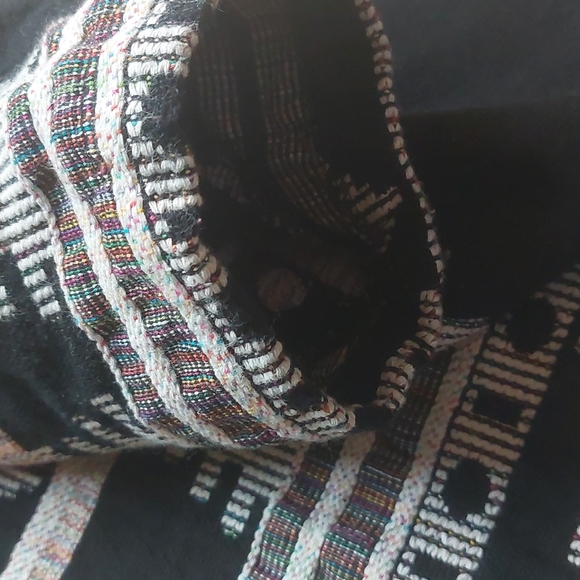 SUNDAY IN BROOKLYN weave hi-lo black top, S - Picture 7 of 10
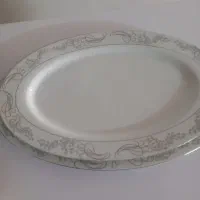 پالاز موکت و یه سری ظرف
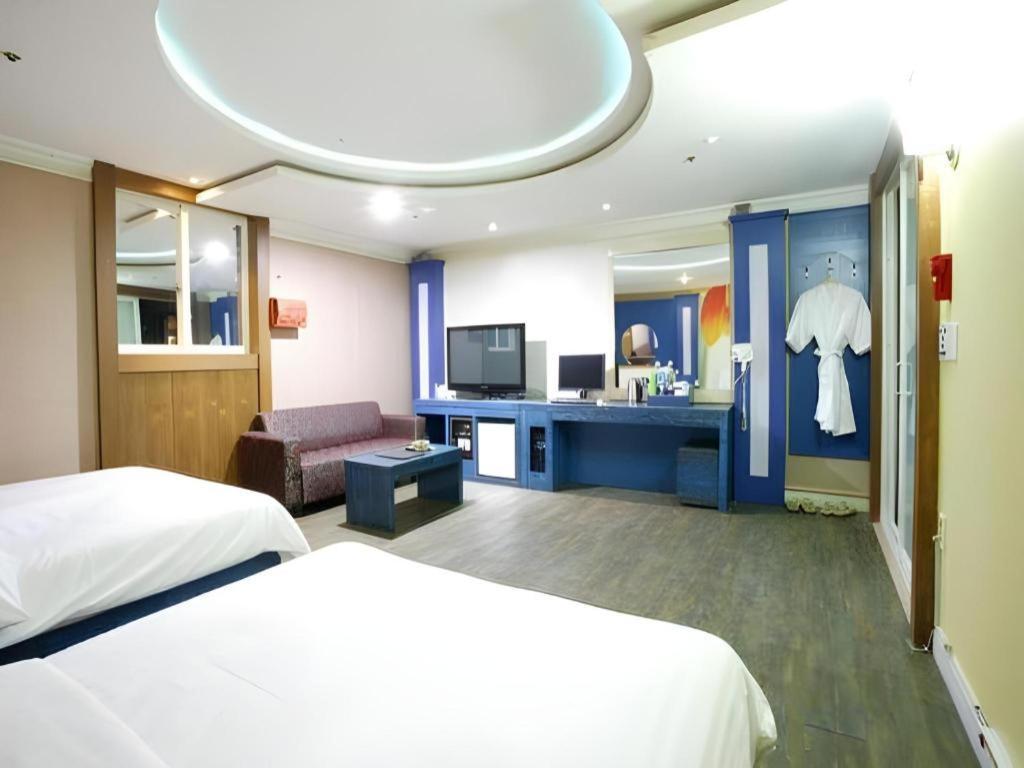 Hotel Head-One Uijeongbu Exteriér fotografie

::::

TASK DIRECTIONS - The expected output is exactly the lines from the one containing "پالاز موکت و یه سری ظرف" through the last line of the listing, both included, with every picture left out.

SOLVED PROBLEM -
 پالاز موکت و یه سری ظرف
 Hotel Head-One Uijeongbu Exteriér fotografie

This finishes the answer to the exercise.